For example, in Figure 7 , a number outside a box denotes the unique ID of the corresponding resource. When FU1 and FU5 are routed, paths 1→4→2 and 1→5→2 are considered in a row. Similarly, for FU1 and FU9, paths 1→4→3 and 1→5→3 are scanned in a row. Thus, if 4 is available, paths 1→4→2 and 1→4→3 are selected.
In a similar fashion, an LRF is shared if the multiple consumers have the same producer in common. This means the scheduler can avoid multiple redundant writing of the same value, saving register entries and write ports to an LRF.
Additional Concerns
Constants and Live-ins. In our target CGRA, constants and live-ins to a loop are stored in constant buffers and central register files, respectively. Thus, the routing from a constant buffer to an FU and the routings between a central register file and an FU should be included in scheduling decisions.

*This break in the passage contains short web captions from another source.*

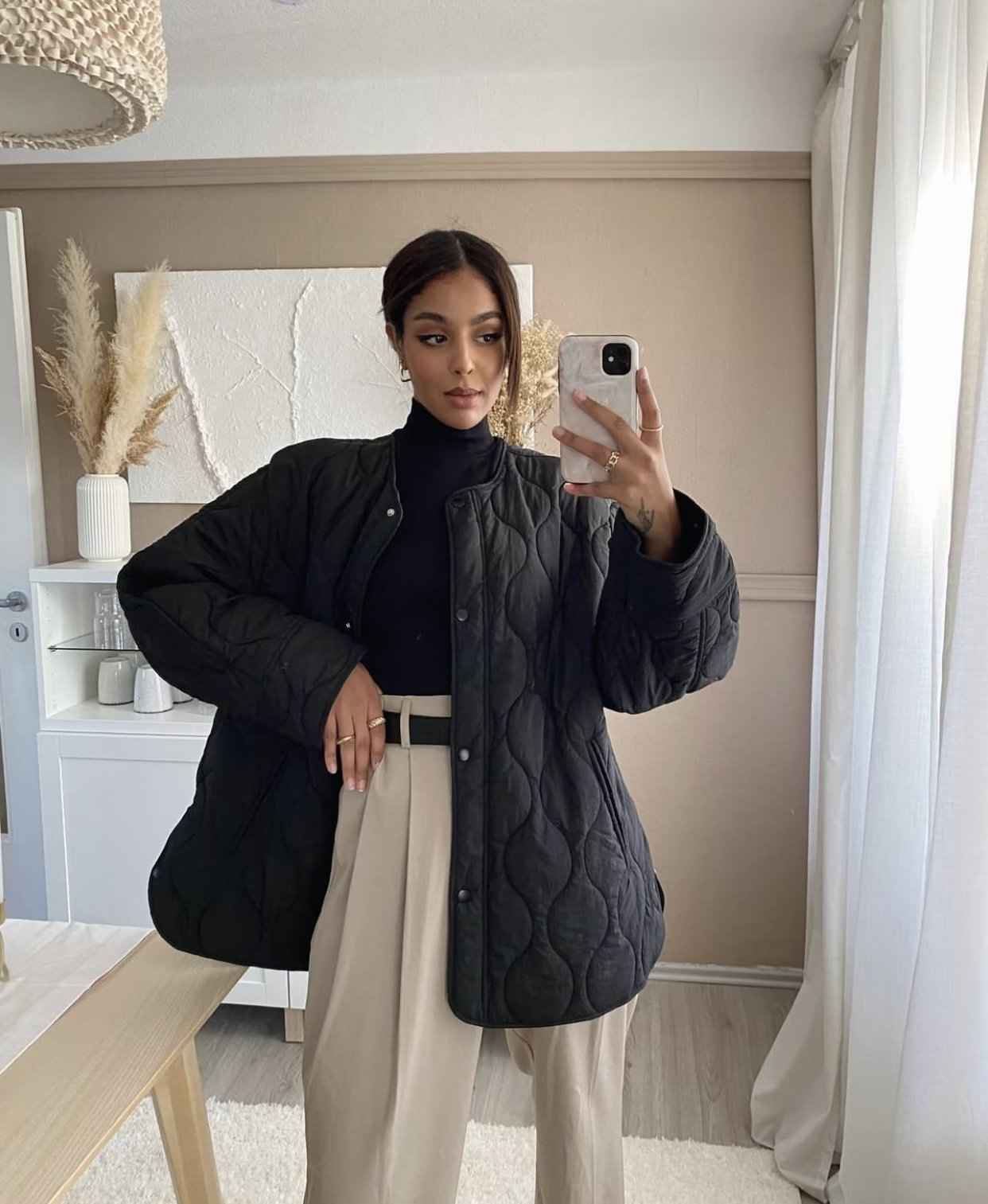 Charlotte | Veste Matelassée Femme Légère à Boutons, Coupe Ample Élégante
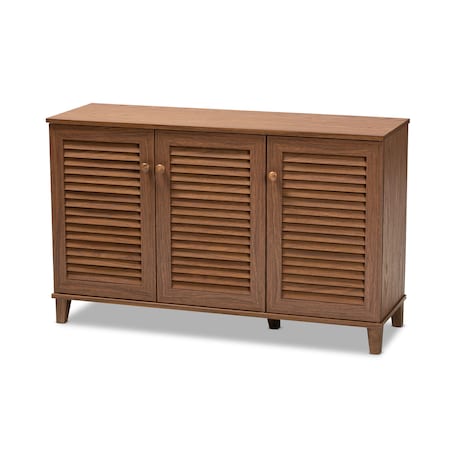 Coolidge Walnut Finished 8-Shelf Wood Shoe Storage Cabinet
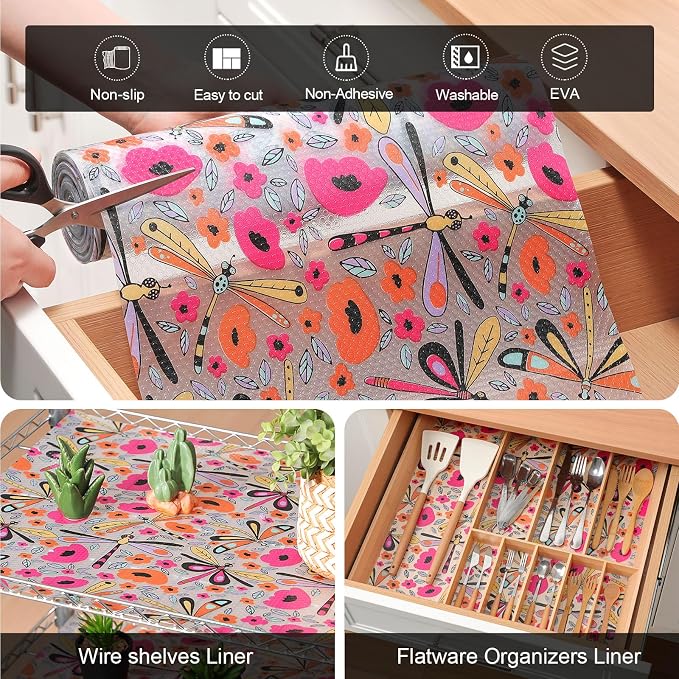 Cooyes Shelf Liner – Non-Slip Cabinet & Drawer Liner for Kitchen – Non-Adhesive Waterproof Shelf Paper with Modern Pattern – Durable EVA Cabinet Mat – Easy to Cut (Amethyst,23.6" W x 360" L) - Image 6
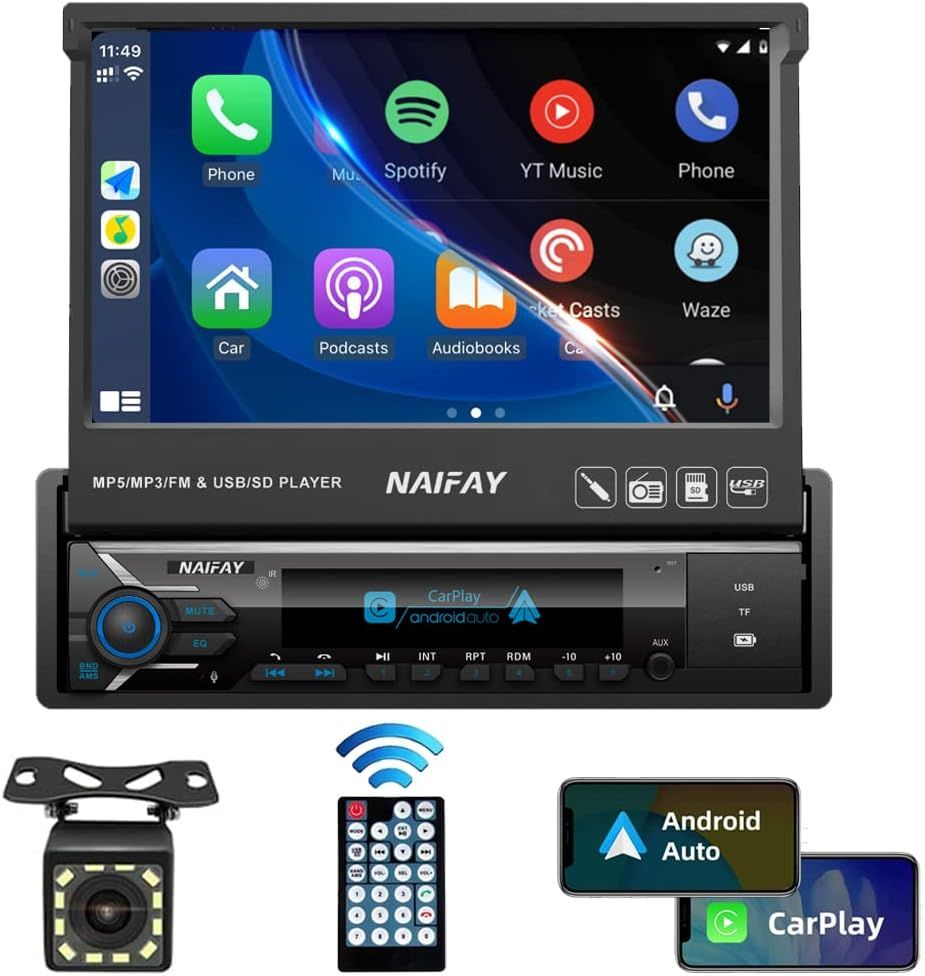 Car Stereo 7” Flip Out Screen – CarPlay, Android Auto, Bluetooth &amp; Backup Camera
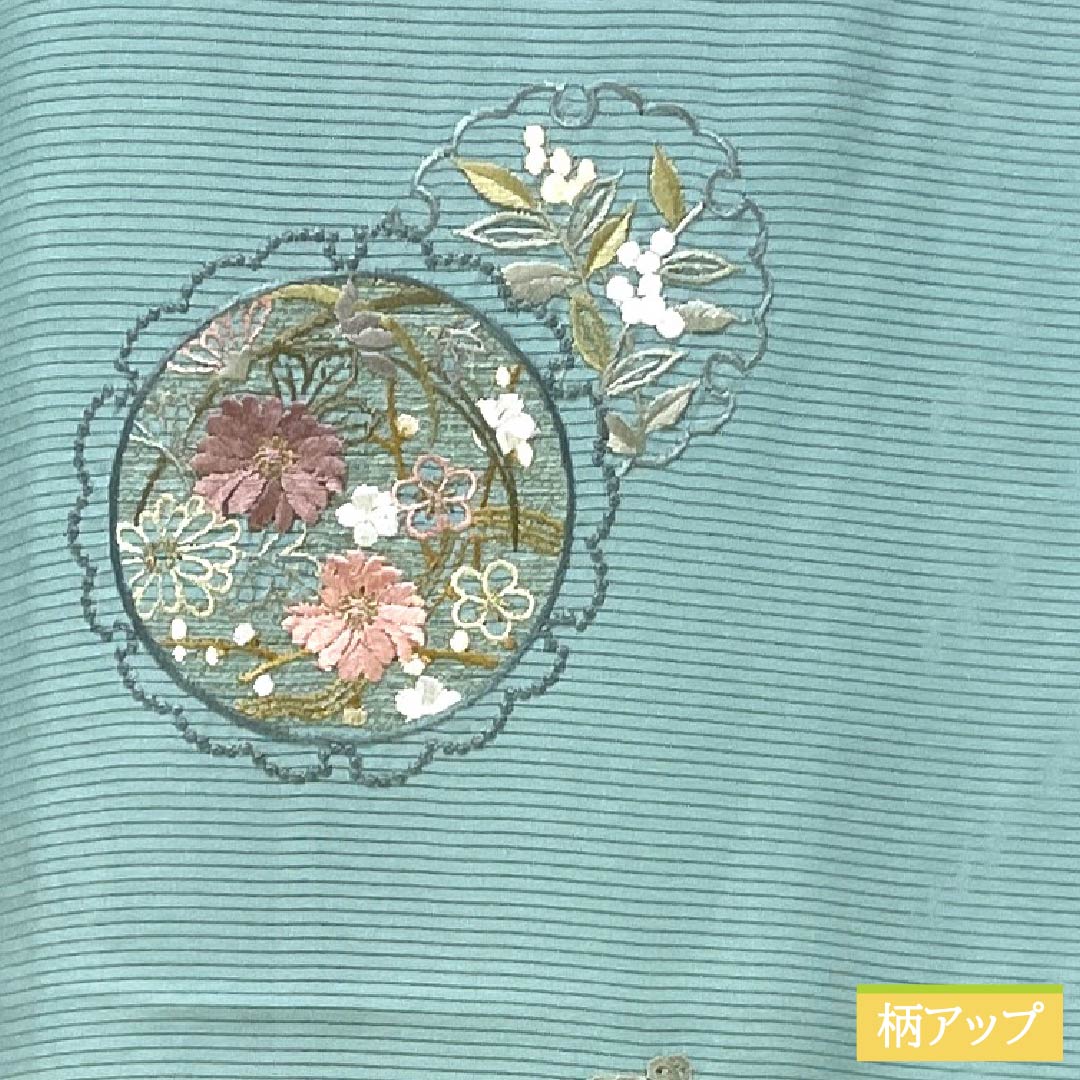 夏物 正絹 付下げ Aランク 身丈157.5cm 裄丈62.5cm 薄水色（うすみずいろ） 蘇州刺繡 雪輪 一つ紋 絽 水色系 1132007223324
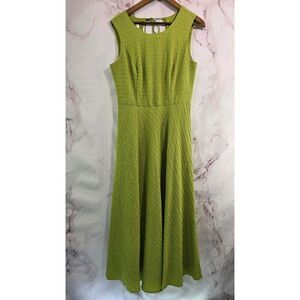 Talbots Dress Womens 8 Medium Green Gauze Textured Maxi Midi Long Lime Pea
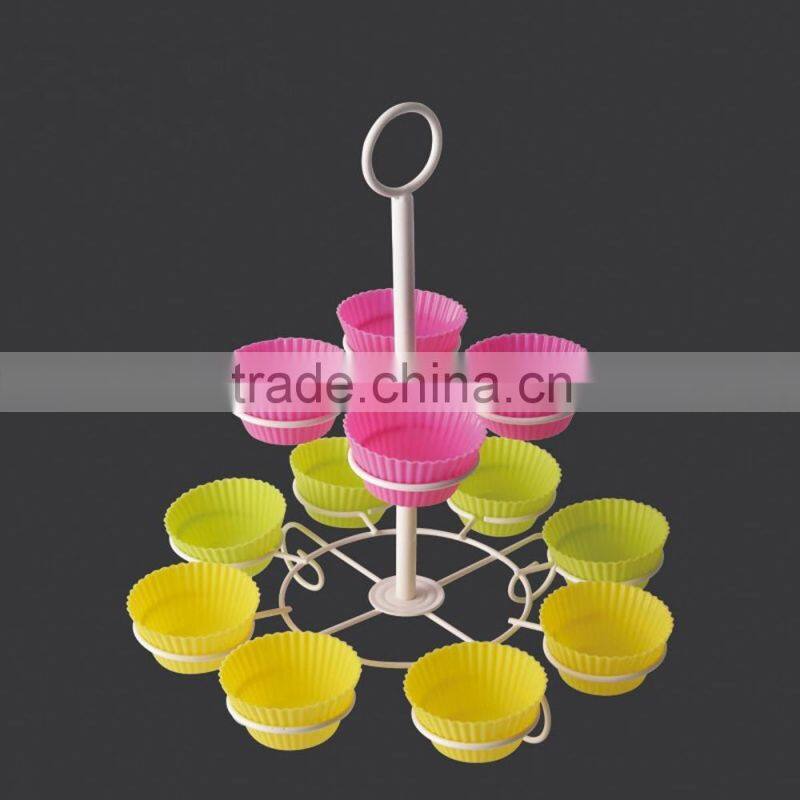 YG1139 2 layer wrought iron cupcake stand, color powder coated cupcake racks for wedding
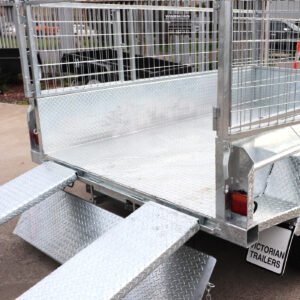 8×5 australian galvanised heavy duty cage trailer with 2ft cage 7ft slide under ramps for sale australian made trailer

Reading constants or live-ins can be represented as pseudo-operations without any producer to them. Scheduling such operations in a top-down manner incurs unnecessarily long routings. We scheduled them backward by scanning from their ALAP (i.e., as late as possible) time when their consumers are scheduled. An FU is allowed as a routing resource between an FU and a constant buffer (a central register file) in the qualified indirect routing patterns. This is because a copy is required to move values in constant buffers (central register files) to local registers.
Recurrence Handling. Since the shader program is written in a per-element manner, there should be no dependence between the iterations except the basic induction variable for the coalesced loop. Hence, the scheduler has to carefully handle those recurrences, considering the timing constraints.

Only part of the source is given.